Flow cytometry-based measurement of trafficking of Golgi to the lysosome via autophagy V3

pLenti vectors expressing either Keima-YIPF4, Keima-YIPF3, or GALNT2-Keima were packaged in 293T cells and the lentivirus was used to infect WT or FIP200-/- HEK293 cells (for Keima-YIPF3 and Keima-YIPF4). GALNT2-Keima was used to infect WT, FIP200-/- and DKO (YIPF3-/-, YIPF4-/-) HEK293 cells. To create stable cell lines, infected cells are selected in 1 µg/mL of puromycin for 48 hours, followed by 48 hours of recovery.

Wash HEK293 cells expressing Keima-YIPF3, Keima-YIPF4, or GALNT2-Keima with 1x PBS

Add Trypsin to cells for 5 min and incubate at 37°C to dissociate cells from plastic well

Resuspend cells in 1 mL DMEM media

Count cells

Seed appropriate number of cells into 96-well, 48-well, or 24-well plates.

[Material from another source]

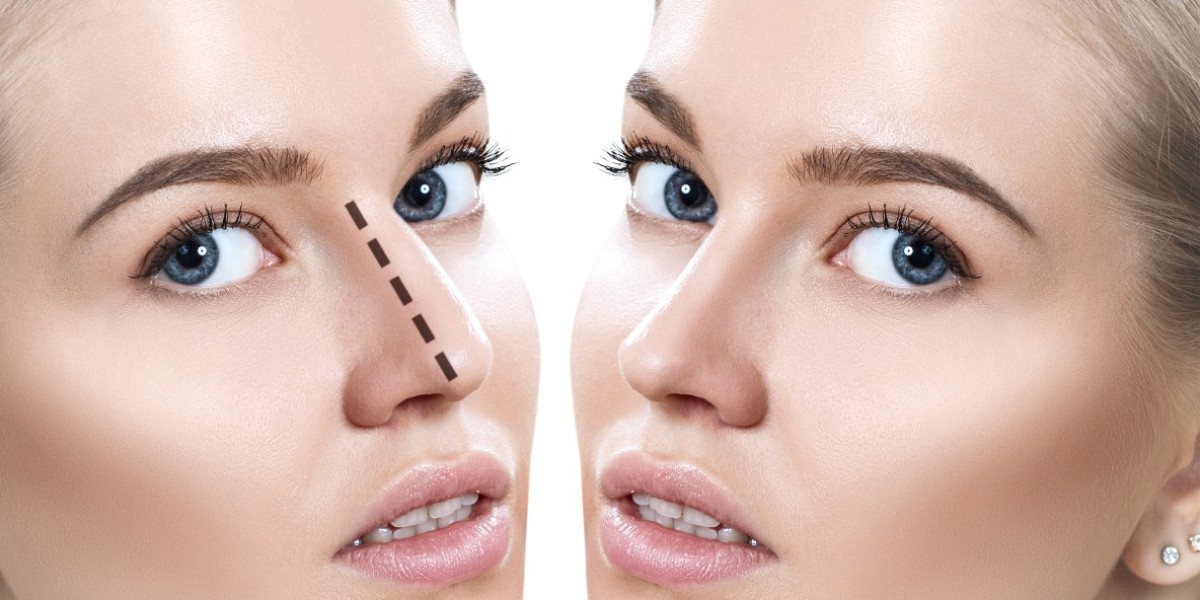 Liquid Rhinoplasty in Dubai for Aesthetic Enhancement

Culture cells and analyze for Keima flux with cells <70% confluent. In some cases, induction of flux via nutrient stress is analyzed. The cells were washed twice with PBS and resuspended in DMEM or EBSS to initiate nutrient stress for the indicated time period 12-16 hours, typically).

After treatment/starvation, cells were treated with trypsin and quenched with Phenol red free-DMEM. Cells were filtered through a cell strainer cap tube.

Use dual-excitation (405nm for ph7 and 561nm for pH3) and collect in 620 nm range using an Attune NxT (Thermo Fisher). Analyze at least 10,000 single, healthy cells. Calculate of acidic:neutral mt-Keima ratio on a per-cell basis in FlowJo Software and plotted using GraphPad Prism.

Optional: include BafA-treated sample (3 hours prior to analysis), to use as normalization for sample set in genotype. Otherwise, fed control samples can be used.